In 1.x, the single Hammer instance essentially came with all Recognizers included. The benefits of adding Recognizers yourself are two-fold:

  • First, each Hammer instance is lighter and responsible for a subset of touch events.

  • Second, touch events can easily be customized. In Hammer 1.x, the options for events such as “hold event threshold” (time a user has to hold down before a hold event is fired) was set on the single Hammer instance, meaning every hold event had to be the same. In 2.0 developers can set the event options in the Recognizer, thus making touch events as customized as you wish them to be.

    var myPanRecognizer = new Hammer.Pan({ direction: Hammer.DIRECTION_VERTICLE, threshold: 0 });

    armAndHammer.add( myPanRecognizer );

4. Upgrade Path

The simplest upgrade path from 1.x to 2.0 can take as little as one hour. More complex upgrade paths utilizing some of Hammer’s new API features can take longer. When I upgraded from 1.1 to 2.0, it took me about four hours to upgrade a project that used six different touch events.

Here is a Gist that shows a simple and more complex upgrade path. In the simplest upgrade path, very little code has to change, and you can still rely on a single Hammer Manager bound to the body. If you use the Hammer constructor instead of the Hammer.Manager constructor, the Hammer Manager will have recognizers already added. You can still filter the touch events yourself for the appropriate element. The only difference is that you may have to change the options hash that you pass in.

In the more complex upgrade path, bind a Hammer Manager directly to the element you want to listen for touch events on, then add Recognizers for the appropriate touch event.  Remove any DOM filtering code you had previously used. If you are only using Hammer in one place, upgrading to the simplest path is not a bad option and you may not even feel the need not upgrade at all. But if you are using Hammer for multiple DOM elements, upgrading to use multiple empty Hammer Managers and adding recognizers yourself is a better option and will hopefully simplify your code.

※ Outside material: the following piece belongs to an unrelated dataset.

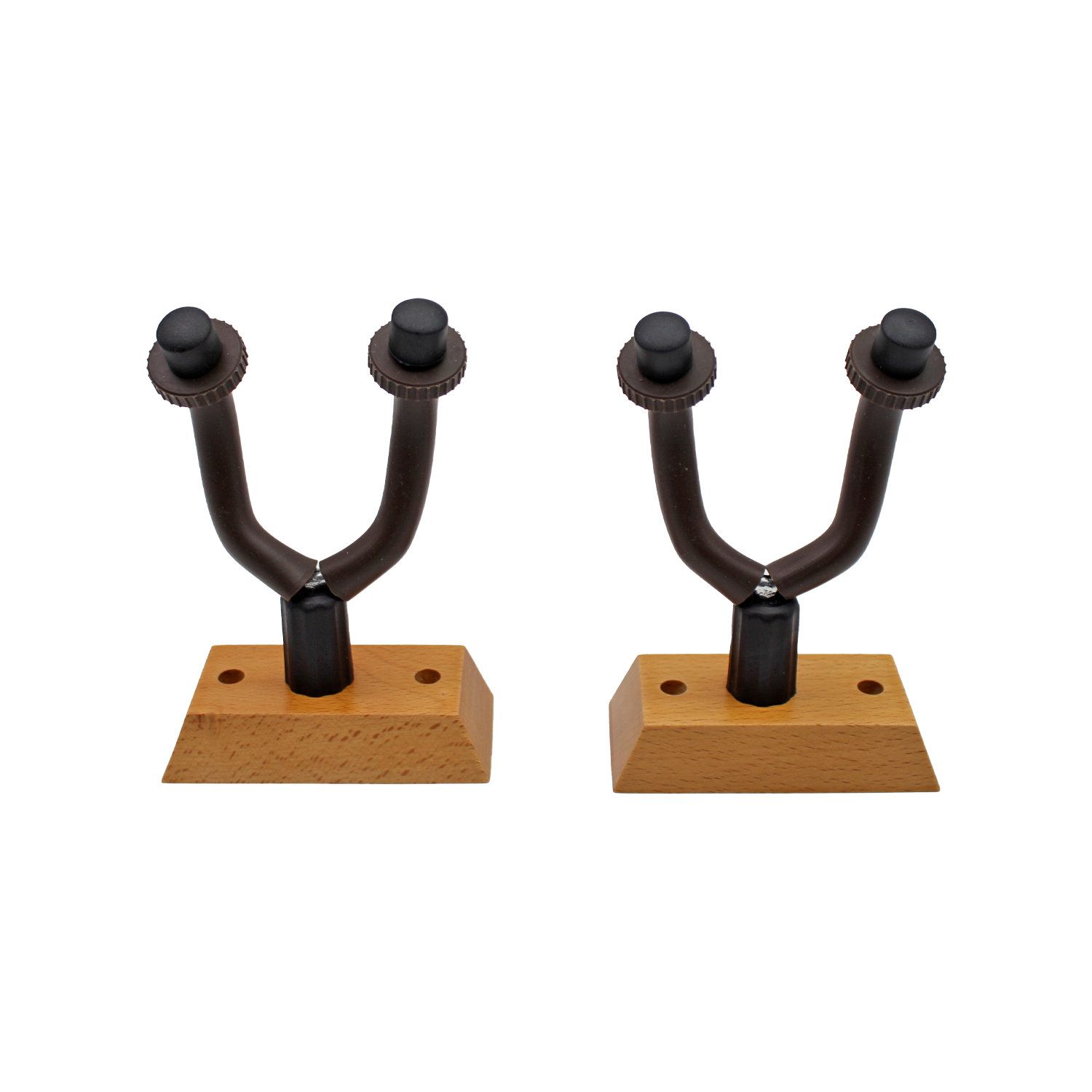 SOPORTE DBLUE PARED GUITARRAS Y BAJOS 2 UNIDADES - 1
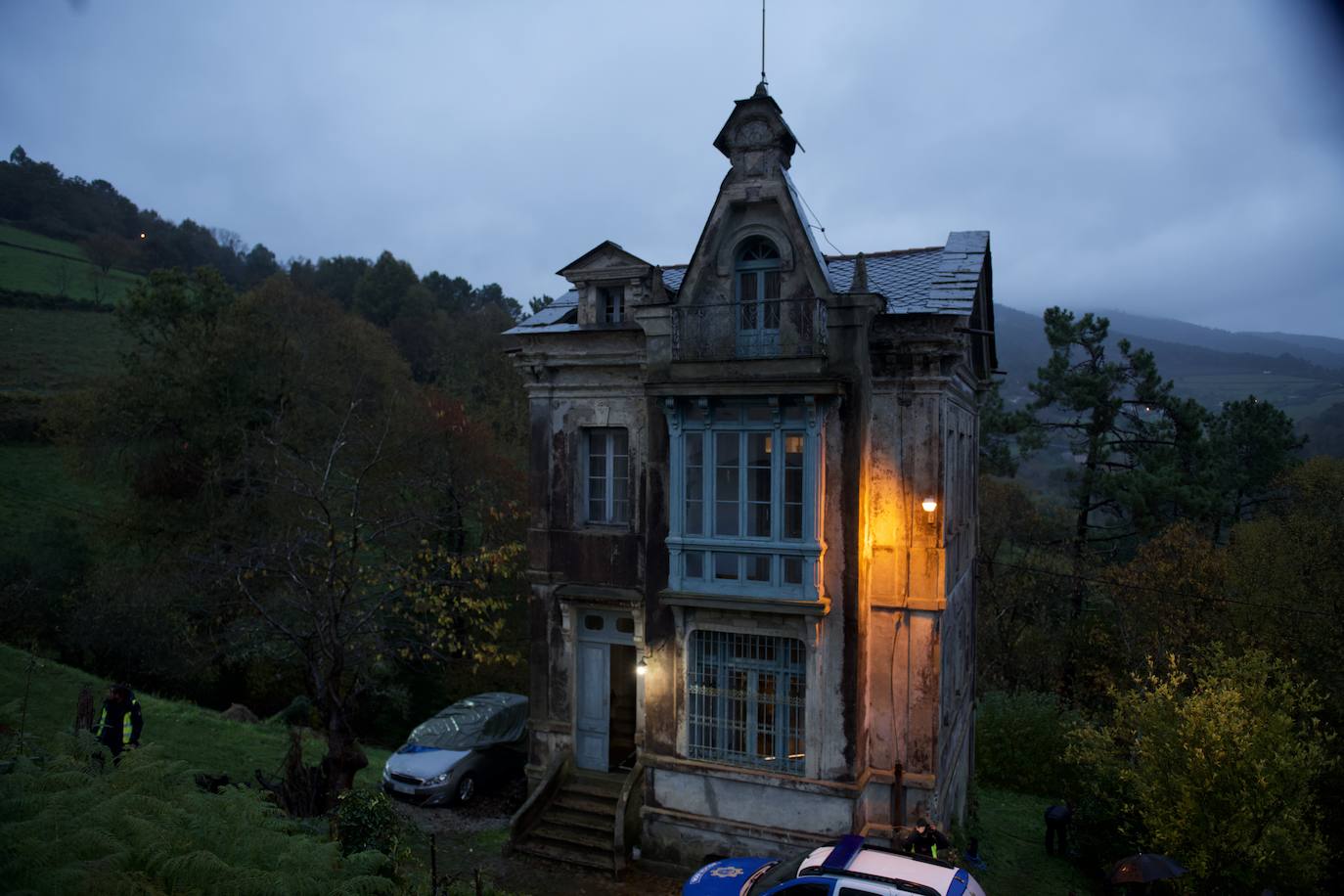 Fotos: &#039;Infiesto&#039;, rodada en Asturias y ambientada en la pandemia, llega el 3 de febrero a Netflix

5. My favorite Hammer 2.0 feature and more

One of the biggest issues I had with Hammer 1.x was its inability to programmatically turn events on and off. On touch devices, it’s quite common to have many touch events associated with a single element/icon, but all the events may not be ‘active’ at the same time. Depending on the state of the phone for example, an app icon can be tapped, pressed, or dragged. In Hammer 1.x, I developed ways of checking the application state and preventing events from firing, but it was all very hacky.

In Hammer 2.0, Recognizers have their own states, controlled through an enable option that is passed when initializing a Recognizer. The default is true—i.e., the Recognizer is on—but you can also pass false or a function. Using a function is the best option to handle states for your touch events—it allowed me, for example, to easily and directly control the state of my web-app for each touch event. I highly recommend checking out this feature if/when you check out Hammer 2.0. (

Overall, I am very happy with the Hammer 2.0 upgrade. Its API is much easier to use and it has some really useful touch event handling features baked in.